Sadly, the French Riviera was not a miracle cure for all. Nicolas de Staël moved to Antibes in 1954, suffering from exhaustion, insomnia and depression. His studio here would turn out to be his last. De Staël was French filmmaker Jean-Luc Goddard’s favourite painter and the intense red, white and blue of paintings like Marine (1954) directly influenced Goddard’s use of the same colours in his 1965 film Pierrot le Fou, which was filmed on Porquerolles — an island off the French Riviera.


Tragically, the artist jumped from his studio terrace a year after moving to Antibes, following a meeting with a disparaging art critic. Also tragic is how wrong history has proven this critic. It is now broadly agreed that de Staël created some of his best work in his final year — including Marine and Le Grand Concert (1955), the largest painting he made, which now hangs in the Picasso Museum in nearby Antibes.

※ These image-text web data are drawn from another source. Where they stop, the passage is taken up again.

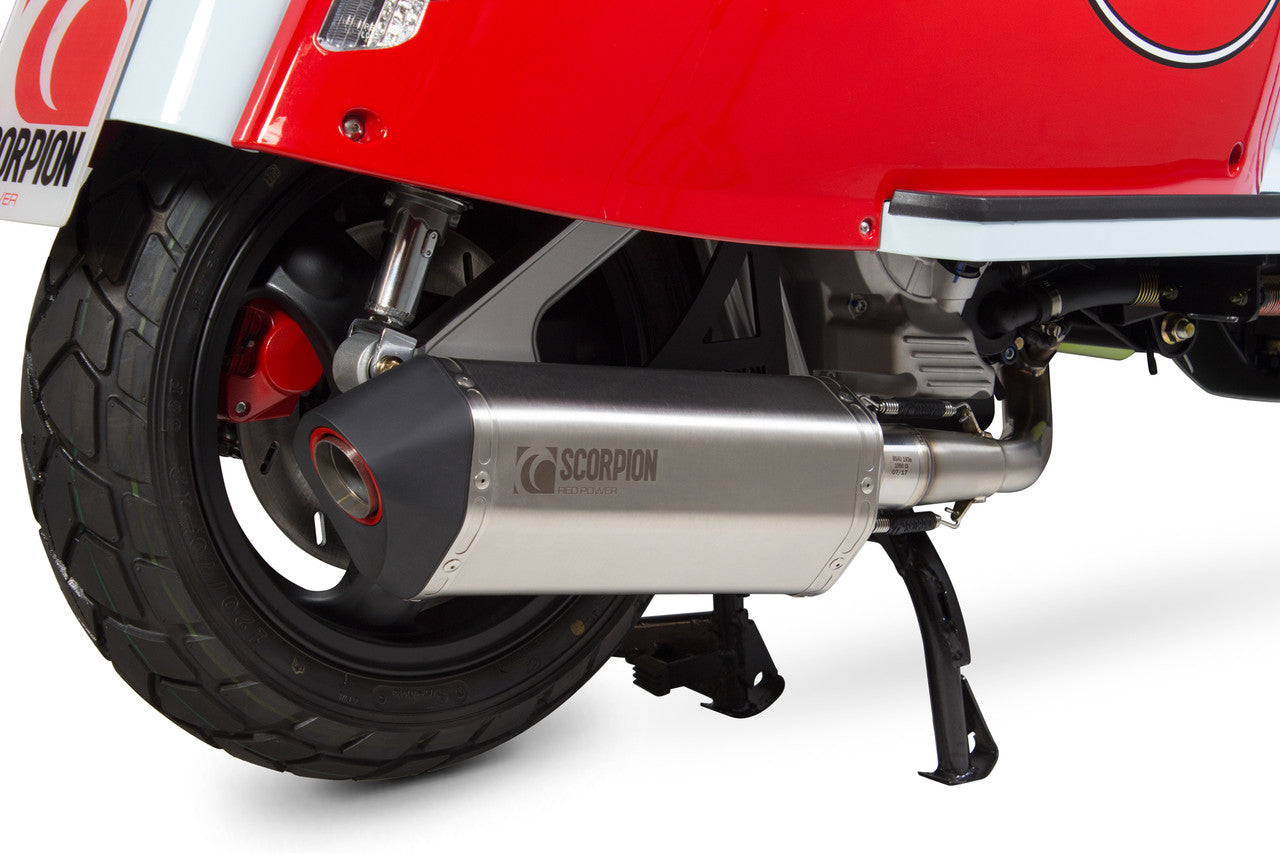 Scorpion RSM55SEO Serket Full System - Stainless Steel Sleeve - TL200 - 2018 - 2019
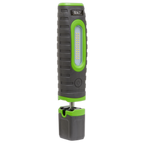 Rechargeable 360° Inspection Light 15W & 3W SMD LED - Green LED3606G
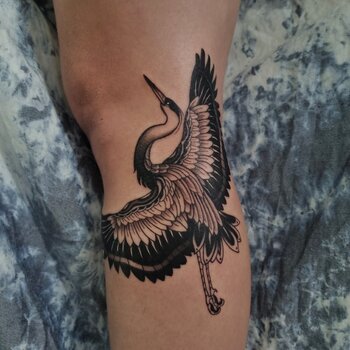 Artista de tatuagem Aivis Kleinhofs Prusis 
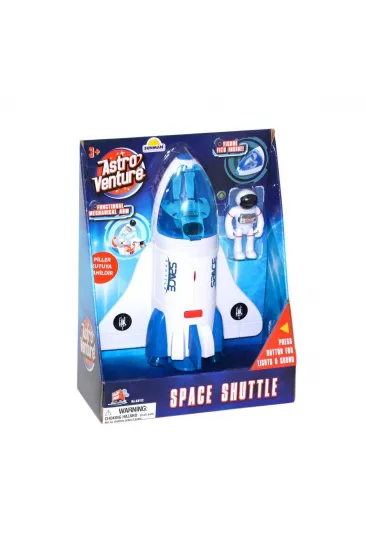 63112 Sunman, Astro Venture Sesli Ve Işıklı Uzay Mekiği 63112 Sunman, Astro Venture Sesli Ve Işıklı Uzay Mekiği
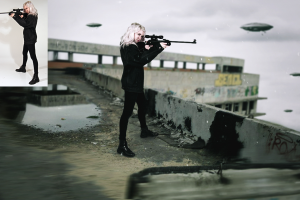 Фантастический коллаж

From discovering a more natural source of inspiration to seeking refuge from the pressures of city life, Côte d’Azur has provided a bucolic backdrop for many of the most important artists of the 20th and 21st centuries. For many, weary of their own celebrity, it was simply a quiet place to reflect. On this hallowed ground on Mediterranean coastline, the legacy of these artists continues to loom large.